Víctima de los arrebatos de la baratija progresista populista, del nuevo ánimo inquisitorial católico y evangélico, mi generación, que creció dando la espalda a cualquier desafío que le planteara complejidad y bronca, negatividad y mala onda, en su infatigable búsqueda del chill out y la militancia por la originalidad reprobó las más básicas tareas de cohesión social y conciencia grupal que no fueran las del desmadre y la autoindulgencia.

Me refiero a mí y los que nacieron años más o menos tarde, promediando la década de los ochenta, gente que vivió en democracias latinoamericanas de medio pelo o francamente inadmisibles.

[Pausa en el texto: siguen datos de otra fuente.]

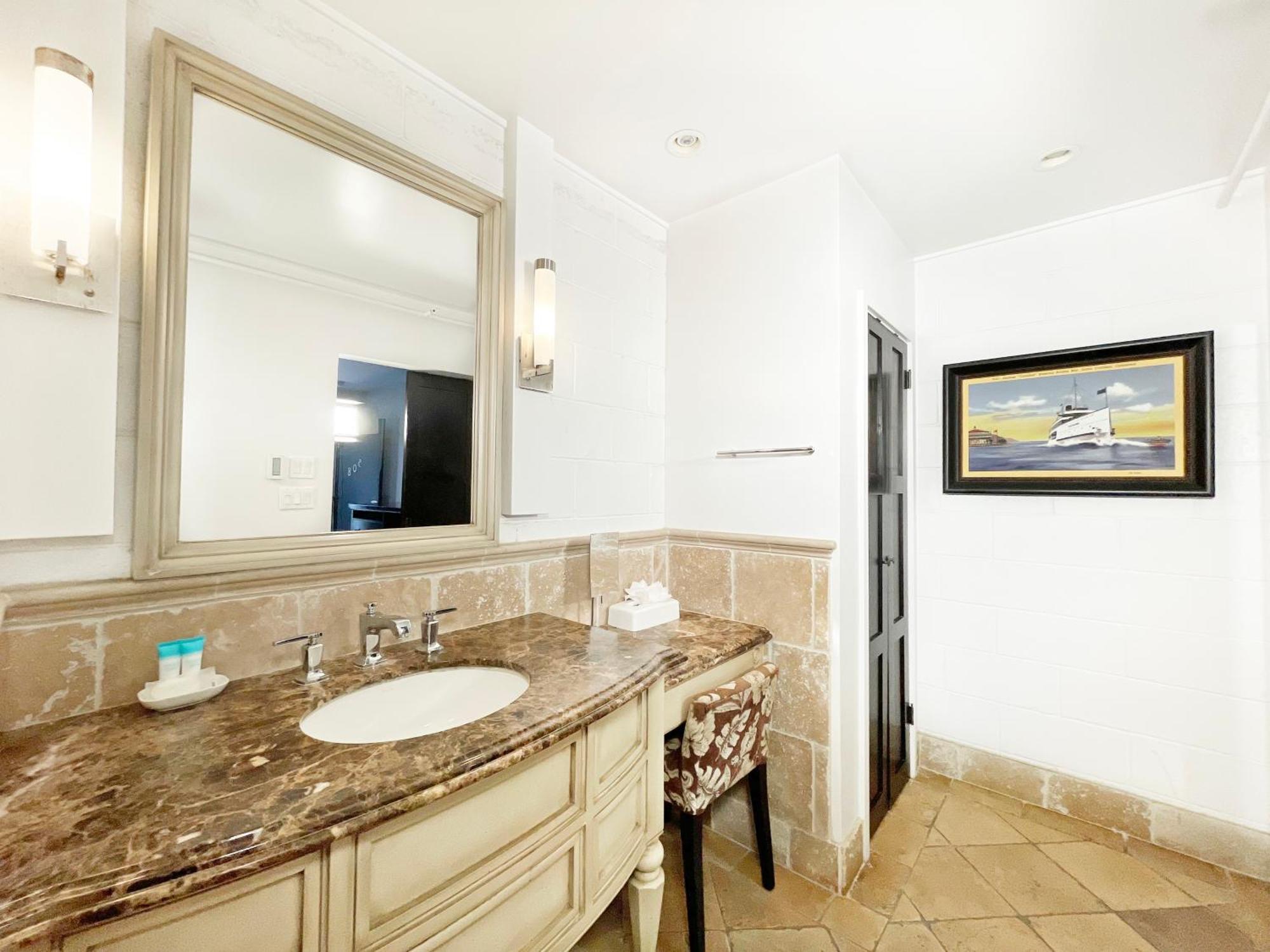 Catalina Courtyard Suites Avalon Esterno foto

Parte de este abanico de narcisismo, individualismo y chabacanería le debemos probablemente a los enlatados massmediáticos que consumimos hasta la sobredosis cuando niños. Otra parte, a una postura briosamente anti intelectual, como si la simpleza y la negación a los libros y la argumentación nos acercaran a esa espontaneidad que deseábamos, pero de la que nos alejábamos a medida que veíamos otro episodio de Sex and the City.

Como crecimos mirando con ojo de sospecha al estante de los libros, y con el discurso del cambio social como una lucha de señores pobres, de mente analógica y cantos mamertos, nuestra sensibilidad se prorrogó, a lo más, hacia la salud de los animales de las ciudades latinoamericanas, cuyos cuerpos veíamos todo el tiempo despanzurrados en la vía pública sin que nadie -ni los sectores populares, menos las instancias públicas- se doliera.

Clausurado el estante de los libros, clausurada la política al ser estetizada como teleshow de lo que supuestamente querían los pobres, una de las pocas líneas de fuga fue la música, de la que nos nutríamos sin querer, a veces, o con deseo frenopático otras.

La gente más valiosa de mi generación se volcó a hacer o escuchar música como si en esa actividad se jugaran los tres dólares en que estaban – y están- cotizados sus futuros fuera de una oficina de rango medio. Se oía música como una militancia: aprendiendo, divergiendo, defendiendo el terreno propio con el cuerpo mismo. Es probable que de mi generación procedan las últimas colecciones enciclopédicas de discos compactos o vinilos, verdaderas fortunas invertidas en una extraña forma de sabiduría, mezcla de anécdota y solfeo, un poco de historia cultural y otro de negocio corporativo. El refranero popular de mi generación no viene de la abuela; viene de los Ramones o de las bandas sonoras de las películas independientes. Viene de los estribillos de la música del transporte público, que luego se vuelve sabroseo de las fiestas de los iniciados.

Como no hay tragedia sin algo de farsa, la virtud de mi generación fue haber presumido de oído suficiente para rescatar dos -de tantos- géneros que hoy parecen presumir de una clarividencia formidable: el punk y la salsa.

Aunque parezcan antagónicos, el punk y la salsa se distribuyen a bandos iguales sendas cantidades de insumisión y creatividad. O sea que hoy son imprescindibles. Lo que pudo Manchester también pudo Cali o San Juan, en clave distinta. El discurso es el mismo: las infinitas variantes de las vidas en carestía, el orgullo de la masa ante un poder descrito con trazo brusco aunque bien identificado, el fraseo del cuerpo en la fiesta y en los abismos de dolor. El punk y la salsa registran nueva poesía, y esto no es poco. Cuando los formalismos del rigor y la métrica han neutralizado al texto poético a su textualidad más pacata y servil -la elasticidad de la literatura para ser servil con el poder es algo que debería considerarse seriamente-, el punk y la salsa han saltado del papel y la partitura hasta volverse nuevos manifiestos, declaraciones nitidísimas para estas mañanas nada diáfanas.

Va esta por la triste y limitada generación que consiguió hacer una arqueología imprescindible, una explicación bailada y coreada de estos tiempos. De algún modo, nos sacó a la calle y nos erigió nuestras propias barricadas.